The research documents the effect of historical events, such as the Mongol expansion and the Arab slave trade, on the gene pool of the world.
For example – it is widely believed that the Hazara, an ethnic group in Pakistan, are descended in part from Mongol warriors. This study confirmed that Mongol DNA did indeed, enter the population during the period of the Mongol Empire.
“DNA really has the power to tell stories and uncover details of humanity's past”, said Simon Myers of Oxford University's Department of Statistics and Wellcome Trust Centre for Human Genetics, co-senior author of the study.
“Because our approach uses only genetic data, it provides information independent from other sources. Many of our genetic observations match historical events, and we also see evidence of previously unrecorded genetic mixing. For example, the DNA of the Tu people in modern China suggests that in around 1200CE, Europeans similar to modern Greeks mixed with an otherwise Chinese-like population. Plausibly, the source of this European-like DNA might be merchants travelling the nearby Silk Road.”
The researchers used a software called GLOBETROTTER to date events occurring 160 generations ago, or almost 4500 years ago.

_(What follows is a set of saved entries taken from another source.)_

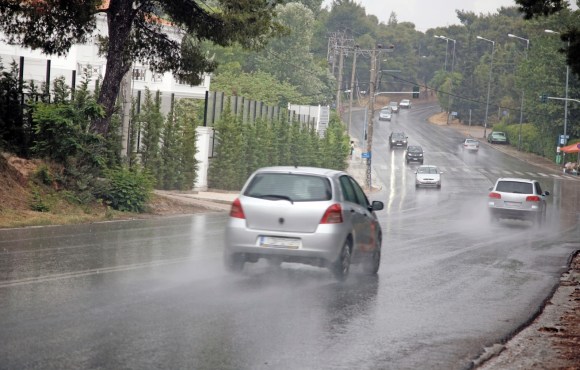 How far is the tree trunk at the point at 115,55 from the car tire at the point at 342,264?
14.1 meters

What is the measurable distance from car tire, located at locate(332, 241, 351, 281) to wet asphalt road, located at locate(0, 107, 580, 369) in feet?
0.50

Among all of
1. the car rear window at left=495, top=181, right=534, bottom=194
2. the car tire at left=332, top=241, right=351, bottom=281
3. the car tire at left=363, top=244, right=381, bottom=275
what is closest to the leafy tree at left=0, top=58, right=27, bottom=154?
the car tire at left=363, top=244, right=381, bottom=275

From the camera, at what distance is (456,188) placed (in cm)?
7256

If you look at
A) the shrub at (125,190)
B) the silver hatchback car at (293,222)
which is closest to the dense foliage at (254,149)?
the shrub at (125,190)

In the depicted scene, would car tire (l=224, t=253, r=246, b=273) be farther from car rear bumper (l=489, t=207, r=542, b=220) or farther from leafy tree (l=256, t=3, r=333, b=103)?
leafy tree (l=256, t=3, r=333, b=103)

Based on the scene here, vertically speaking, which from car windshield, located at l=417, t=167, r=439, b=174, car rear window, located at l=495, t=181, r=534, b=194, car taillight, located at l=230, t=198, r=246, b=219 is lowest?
car windshield, located at l=417, t=167, r=439, b=174

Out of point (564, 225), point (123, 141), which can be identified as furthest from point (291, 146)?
point (123, 141)

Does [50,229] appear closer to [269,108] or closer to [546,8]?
[546,8]

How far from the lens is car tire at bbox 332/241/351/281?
14523mm

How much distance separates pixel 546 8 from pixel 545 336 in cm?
955

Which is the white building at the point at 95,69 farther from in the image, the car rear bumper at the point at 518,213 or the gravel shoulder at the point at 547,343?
the gravel shoulder at the point at 547,343

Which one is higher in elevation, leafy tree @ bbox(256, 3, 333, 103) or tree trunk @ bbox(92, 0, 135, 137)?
leafy tree @ bbox(256, 3, 333, 103)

"GLOBETROTTER can likely date events somewhat older than this, but this is a rough idea of how old it can go in its current implementation, and technical reasons will make it challenging to go back tens of thousands of years," the authors said.
Scientists used statistical software to cluster individuals into groups based on the genetic similarity.
When individuals from different groups interbreed, their children have DNA of both the parents. Researchers looked for these "characteristic signatures" in DNA of the individuals to trace their ancestry.
The team used genome data for all the individuals in order to recognize the "chunks" of DNA that these individuals share with different populations. Therefore, "populations sharing more ancestry share more chunks, and individual chunks give clues about the underlying ancestry along chromosomes," according to a press release from the Max Planck Society is Germany.
“Each population has a particular genetic ‘palette’”, said Daniel Falush of the Max Planck Institute for Evolutionary Anthropology in Leipzig, Germany, co-senior author of the study. “If you were to paint the genomes of people in modern-day Maya, for example, you would use a mixed palette with colours from Spanish-like, West African and Native American DNA. This mix dates back to around 1670 AD, consistent with historical accounts describing Spanish and West African people entering the Americas around that time. Though we can’t directly sample DNA from the groups that mixed in the past, we can capture much of the DNA of these original groups as persisting, within a mixed palette of modern-day groups.”